Wir benötigen einen Schlüssel und sehen ihn, wir greifen danach, unsere Finger umschließen den Schlüssel, er fühlt sich kühl und glatt an, wir heben ihn mit unseren Fingern an. Wir verändern den Handgriff, um den Schlüssel passend zu packen. Der Arm bewegt sich Richtung Schloss, wir schieben den Schlüssel in das Schlüsselloch, ein schabendes Geräusch entsteht, wir lenken unsere Hand mit dem Schlüssel in eine Drehung, ein anderes Geräusch entsteht, die Tür macht ein Geräusch und bewegt sich einen Spalt. Wir öffnen die Tür sanft und schieben sie mit unserer Hand auf, dabei spüren wir den Druck des Schlüssels an unseren Fingern, ein leichter Windhauch berührt uns, …
All dieses, und noch viel mehr geschieht in diesem einen Moment des JETZT, wenn wir ihn bewusst wahrnehmen. Wann hast Du das letzte Mal bewusst eine Tür geöffnet?
Wenn du einmal sehr im Stress bist oder dich negative Emotionen begleiten, so kannst du dich auf das Jetzt konzentrieren. Was nimmst Du genau in diesem Moment wahr. Eine Möglichkeit der Beobachtung hierfür ist deine Atem. Wo spürst du beim Ein- und Ausatmen den Luftzug? Wo dehnt sich dein Körper aus oder wo zieht er sich zusammen?

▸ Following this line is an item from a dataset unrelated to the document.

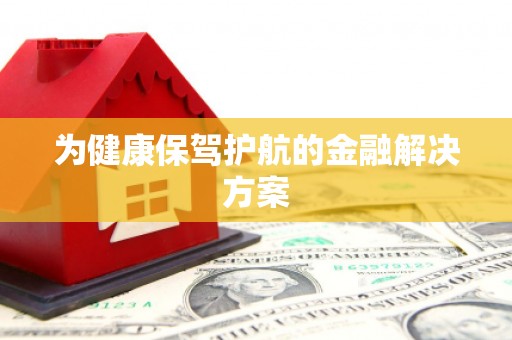 太白为健康保驾护航的金融解决方案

Komme bewusst ins jetzt und lasse dich wachküssen, nehme wahr und spüre im JETZT.
Wenn Du möchtest, so kannst du mit den folgenden Impulsfragen einen kleinen Schritt auf dich zumachen. Lasse Dir bei der Beantwortung Zeit und spüre, ohne zu werten in dich hinein.
Wann befinde ich mich gedanklich in der Vergangenheit oder der Zukunft?
Wann steuern mich Emotionen aus der Vergangenheit im JETZT?
Wie oft lebe ich im JETZT?
Lebe ich jetzt im Bewusst-sein?
Ich wünsche Dir eine erkenntnisreiche Zeit, Zeit, in der du dich und dein Umfeld wahrnimmst, Zeit, in der du die Momente im Jetzt vermehrst und die Zeit bewusst wahrnimmst, Zeit, in der du die Zeit spürst. Du darfst bewusst sein.